EXERCISE DETAILS:
The reply to the records below should contain exactly the lines from the line with "Paul Dyck, Untitled, oil on board" through the line with "Stackable Storage Boxes", and nothing besides.

GIVEN ENTRIES:
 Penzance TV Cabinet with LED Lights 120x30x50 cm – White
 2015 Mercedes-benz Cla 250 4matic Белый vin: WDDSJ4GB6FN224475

* * *

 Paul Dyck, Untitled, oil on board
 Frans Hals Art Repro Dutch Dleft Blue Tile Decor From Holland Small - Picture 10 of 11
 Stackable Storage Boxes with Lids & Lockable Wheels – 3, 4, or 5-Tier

TASK RESULT:
 Paul Dyck, Untitled, oil on board
 Frans Hals Art Repro Dutch Dleft Blue Tile Decor From Holland Small - Picture 10 of 11
 Stackable Storage Boxes with Lids & Lockable Wheels – 3, 4, or 5-Tier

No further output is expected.